▶ _RECORDED DATA_:
____
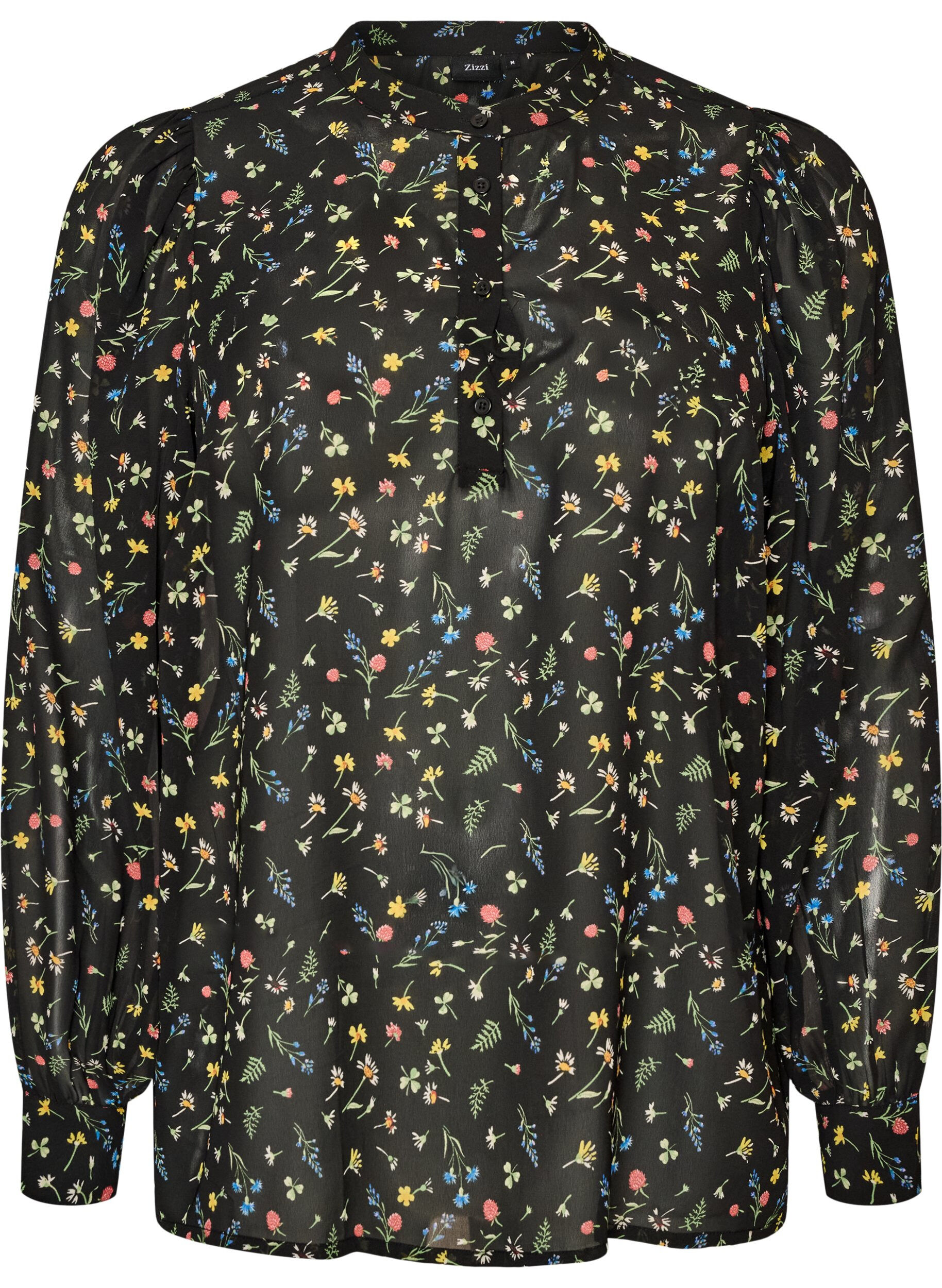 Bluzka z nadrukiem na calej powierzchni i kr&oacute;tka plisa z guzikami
____
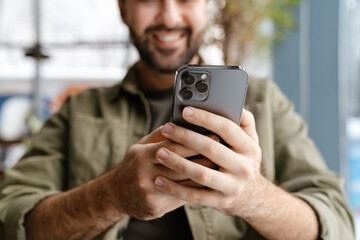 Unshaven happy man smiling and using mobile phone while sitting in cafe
____
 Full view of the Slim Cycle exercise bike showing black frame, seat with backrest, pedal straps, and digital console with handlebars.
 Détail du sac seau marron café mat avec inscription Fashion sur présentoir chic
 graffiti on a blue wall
____
▶ _PROBLEM DESCRIPTION_:
Output exactly the lines of the material above from the one containing "Détail du sac" up to and including the one containing "graffiti on a blue wall".

▶ _RESPONSE TO THIS EXERCISE_:
 Détail du sac seau marron café mat avec inscription Fashion sur présentoir chic
 graffiti on a blue wall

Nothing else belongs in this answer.